Out of sorts since Tuesday. The writing has been fine--everything else, not so fine. I'm going to copy a meme that I have seen in other people's blogs and use it as a writing prompt--Here goes.
Page 124 of the nearest book and 3 sentences starting with the fifth full sentence on the page.
Joyce Carol Oates After the Wreck, I Picked Myself up, Spread My Wings and Flew Away
First interesting tidbit--the first sentence is amazingly long.
And I thought, Wait! Your helmet! You almost killed yourself once.
Small, perhaps disappointing, sentences after that first one. But you get what you get etc.

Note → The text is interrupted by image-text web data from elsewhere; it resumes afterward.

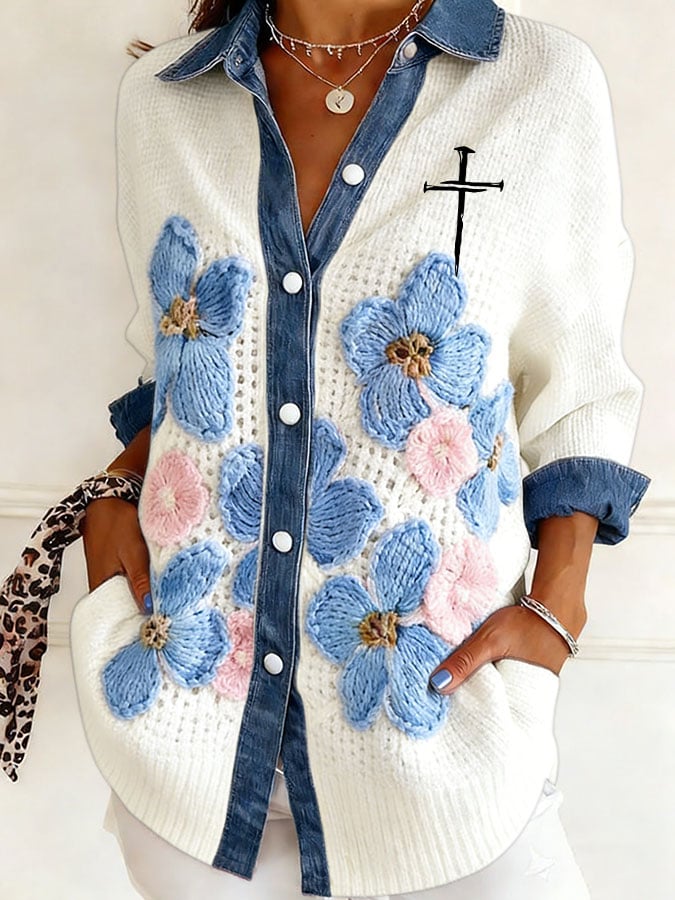 Women's Faith Print Casual Color Block Waffle Shirt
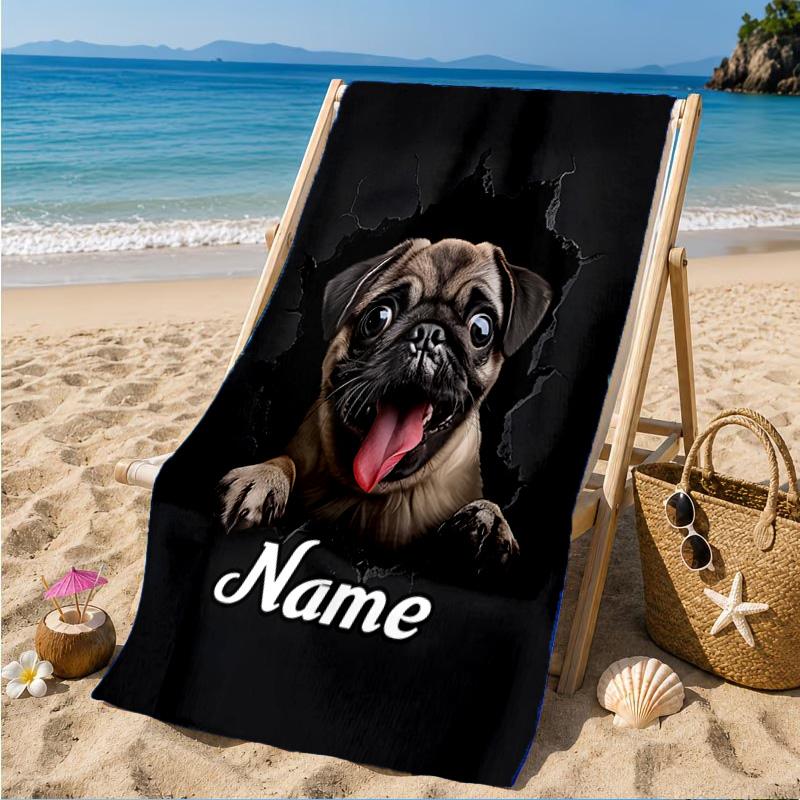 Custom Name Pomeranian through hole. Beach Towel Microfiber Beach Towel, Lightweight and Quick-Dry, for Summer Travel, Swimming Pool Gift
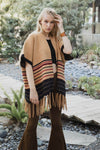 Western Luxe Fringed Ruana Ponchos Leto Collection Tan  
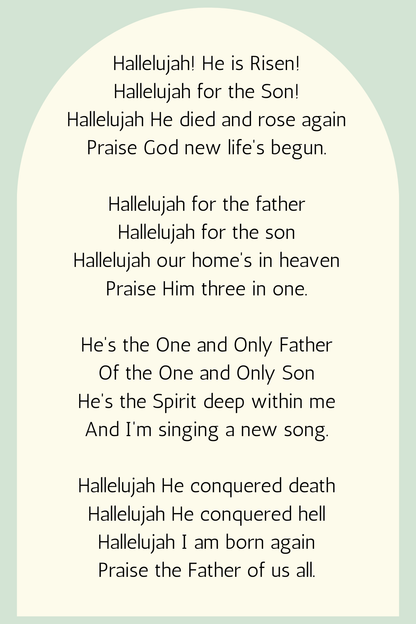 Hallelujah! He is Risen Printable Easter Card with Envelope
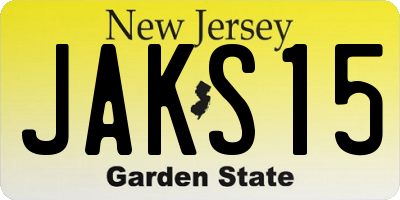 NJ license plate JAKS15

Heather responds almost instantly:
I never have. Almost killed myself that is. But probably that's what mother thought I had done when she looked at my wrists. I don't blame her, really, they are darn ugly. That is why I wear the long sleeves all the time. That, and because I am embarrassed. I don't want people to know that is how I cope. It doesn't seem so healthy to me, or seem to be that sustainable really. But I always feel that I have no self-control. The urges. Oh, when I start thinking about it I can't stop. And then the shame starts soon after and it leads right back to itself. I am on a merry-go-round that spins. I climb on to the back of that horse and I always know exactly where I am going and effectively it's nowhere, fast. I guess I have nothing more to say about it. I guess just I wish my mother still didn't know. It only makes me feel worse and she's bound to think it is more serious than it is. All I want is relief and here I am back on that same pony, riding up and down around in my circle.
Passage exercises always seem to work.